The Bank I Don’t Want To Live Without

The Bank I Don’t Want To Live Without

The Liveworker
  • The Liveworker
  • Service Designer

People's understanding of their personal financial situation is a complex matter. There are fixed and discretionary expenses, as well as daily and one-off costs. Also, people use a number of payment methods to manage their personal finance and are increasingly going online or mobile. These create new customer expectations, making their banking experience feel fragmented.

A new banking paradigm

Just two decades ago, person-to-person payments were made entirely by cash or cheque. At the end of the 20th century, online and then mobile payments took to the stage. Consumers now have plenty of payment choices, often involving third-party providers. As such, all banking related processes are becoming less visible to consumers’ eyes, making the process unclear and open to suspicion. People aren’t sure which intermediaries are responsible in the events of incidents or errors. People expect banks to proactively analyse their past, to facilitate their present, and offer advice for the future. The traditional concept of banking is simply outdated.

Flexibility and convenience are rated high in the priorities of people’s financial lives. Two in every three consumers consider it “extremely important” for a payment method to allow them to buy what they want, when they want it, through the medium they want. One of the reasons behind this trend is that half of the customers view shopping as an experience rather than a mere transaction. In this context, the bank is no longer a major interface between people and their money, and disappears behind a number of third-party providers.

Consumer's financial life

When people think about their financial situation, they focus on their expenses, investments and savings. They look into their current and future financial needs, but rarely their banks. The banks come into the picture only when they are needed to facilitate transactions. For example, when a consumer considers buying a house, the initial concerns are whether he or she can afford it and the consequences of taking on a mortgage. The bank is often among the last factors in the decision making process.

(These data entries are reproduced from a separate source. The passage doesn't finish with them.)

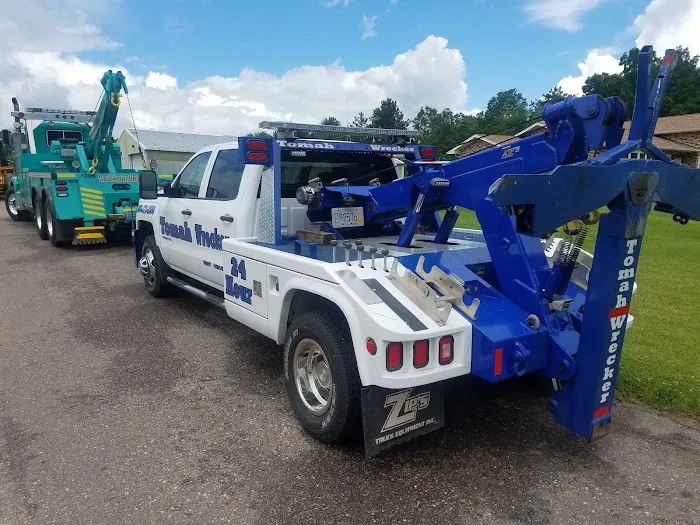 Tomah Wrecker & Repair, LLC 6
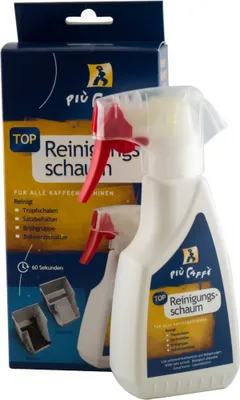 Produktbild von Piucaffe PIU CAFFE 3070, Kaffeemaschine, Schaum, Fettentferner, Spraydose, 1 Stück(e)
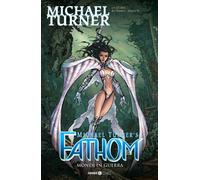 Fathom N° 3 - Mondi in Guerra - Editoriale Cosmo - ITALIANO NUOVO #MYCOMICS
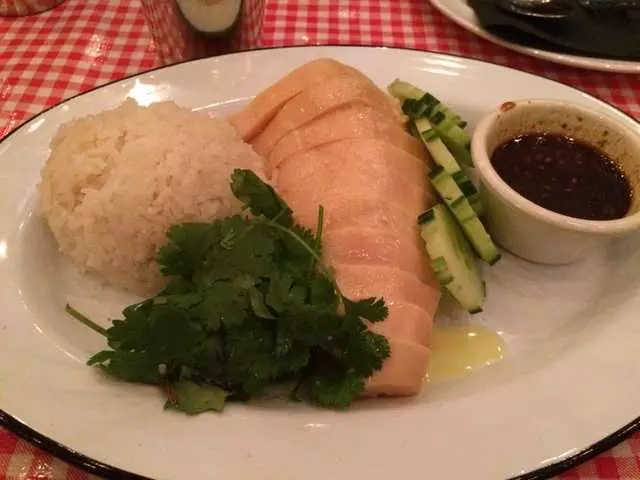Hawker Fare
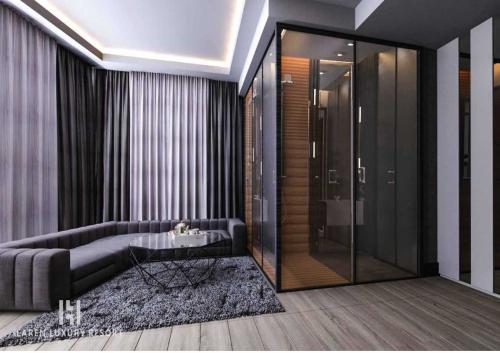 Laren Luxury Resort Hotel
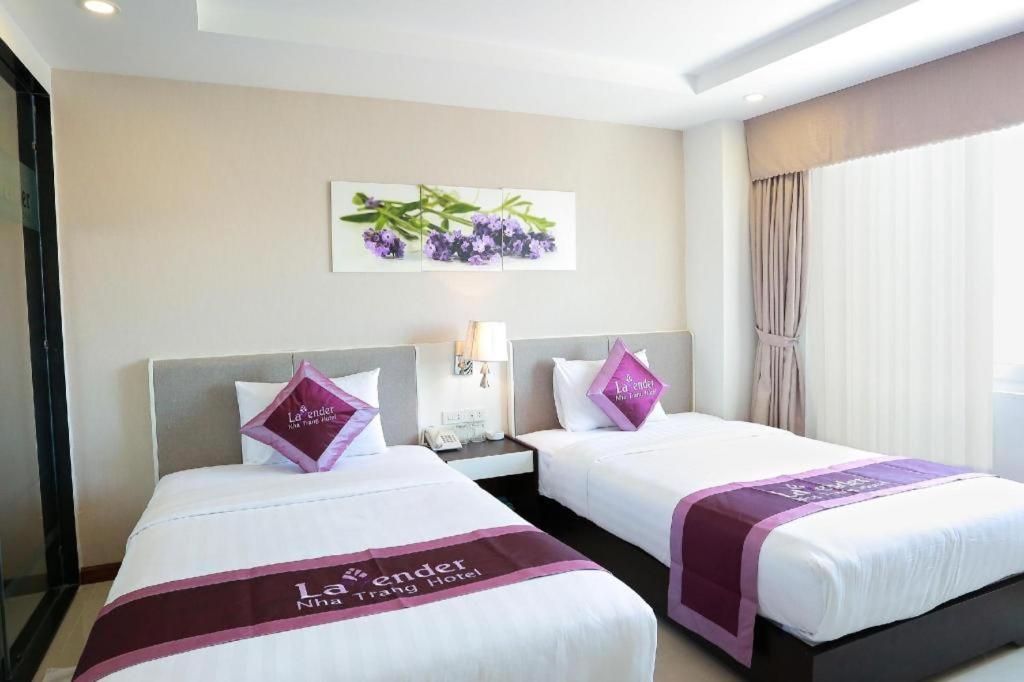 Lavender Nha Trang Hotel Luaran gambar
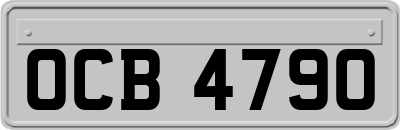 OCB4790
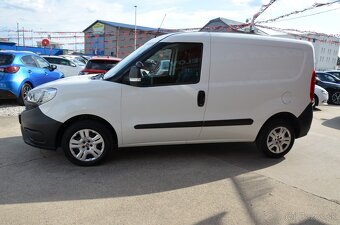 Fiat Dobló Cargo 1,3 Multijet SX 70KW M5 - 5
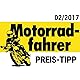 Hi-Q Tools Montageständer II Hinten – Motorrad Ständer Motorradheber zum Aufbocken, Aufbockvorrichtung, breitenverstellbar, Wartungs-/Montagearbeiten, universell für Motorräder bis 300 kg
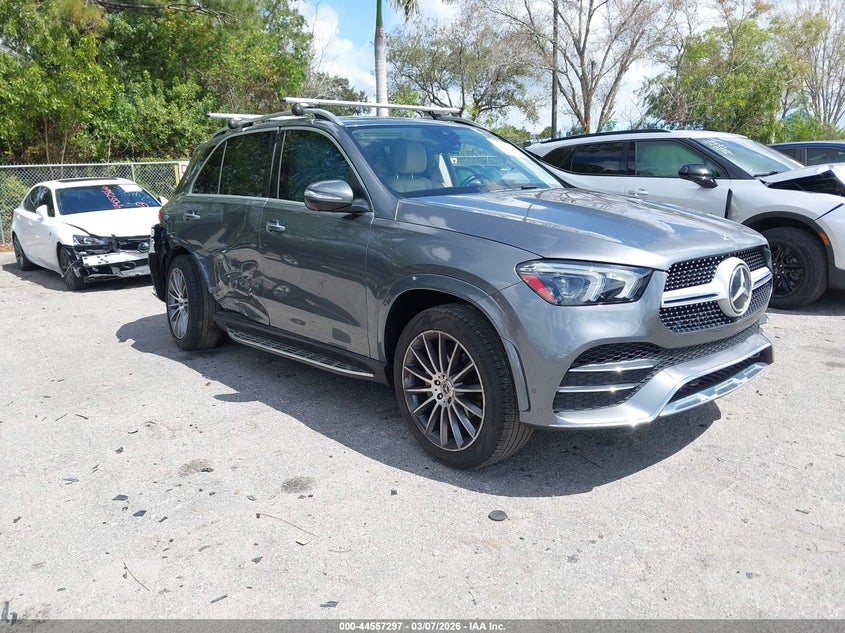 2021 Mercedes-Benz Gle 350
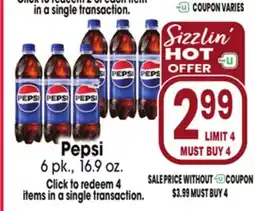 Jewel-Osco Pepsi offer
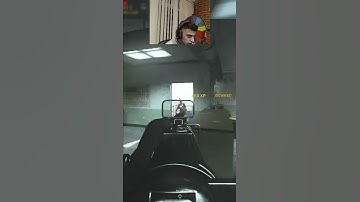 INSANE 1V3 TEAM WIPE ON 1/1 SENS 🔥😱 (Call Of Duty Warzone) #Shorts #CallOfDuty #Rebirth #Warzone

The financial situation of consumers can be broken down into four types of expenses, based on the scope of activities. They are Essentials, Household, Leisure and Future. In Europe, Household and Future concern most people. In countries such as Germany, the Netherlands and the U.K., people are most willing to get a loan for their children’s education. However, in Italy and Scandinavia, it’s more common for people to take on mortgages to buy a house.

Past, present and future of consumer's banking

While customers expect their banks to meet their current banking and financial needs, they are most satisfied when the banks can advise on their future financial choices based on their past and current needs and information. Research shows that half of the customers would engage more deeply with their banks, if they are supported to reach personal financial goals. Customers are seeking a proactive bank which is capable of advising them.

More than half of consumers expect their banks to use the information they hold about them to provide customised products and services that fit their needs, and to help them save. They expect their banks to recognise their past relationship, and to build better services on that foundation. People want services that are simple, secure, flexible, accountable and offer them more control. Half of all consumers seek advice from their banks on meeting their future financial goals.

Consumers don't feel attached to their banks

As more payment methods become available (e.g. Paypal, Google Wallet, Apple Pay), banks become less tangible, making consumers feel less attached. In an interview, almost half of the consumers think all financial services providers are the same. Most of them do remain with their banks, not because they are loyal to them, but because they can’t be bothered to switch. But they are very likely to switch, once innovative newcomers or “industry disrupters” come to the market.

Consumers seek banks for support

Even though the bank disappears behind a multitude of alternative online and mobile payment methods, in the event of an incident, consumers suddenly actively start looking to their bank for help and support. People expect their bank to work with them to solve the problem, sometimes to actively make them aware of it, and in general to behave as their advocate. One-third of consumers reported having a problem in the last 12 months for which they contacted their bank to seek support.

People don’t always do as they say. There is a fundamental difference between what people say in an interview, and what they actually do while being observed. When banks fail in customer experience, price or convenience, they really touch the core of what is important for people in the relationship with their bank. No preventive interview can gauge these situations, yet when they occur, more than 30% of consumers actually opt for closing their bank accounts and switching to competitors.

When customers have a payment-related incident, their banks suddenly become visible and indispensable to them. In these situations, people actively look for support from their banks, and expect them to be their advocates. A successful intervention has the potential of winning more businesses with the customer in the future.

Be the customer's advocate

Customer expectations of banks are becoming increasingly precise and sophisticated. One of the clearest emerging roles consumers wish their bank to take on is the one of advocate. They appreciate their banks to play this role most in times of incidents and to help them deal with third-party providers. Most importantly, consumers see it as the job of their bank to reduce the complexity of their financial lives. And lastly, they want their banks to correctly understand their financial needs and advise them on future financial decisions.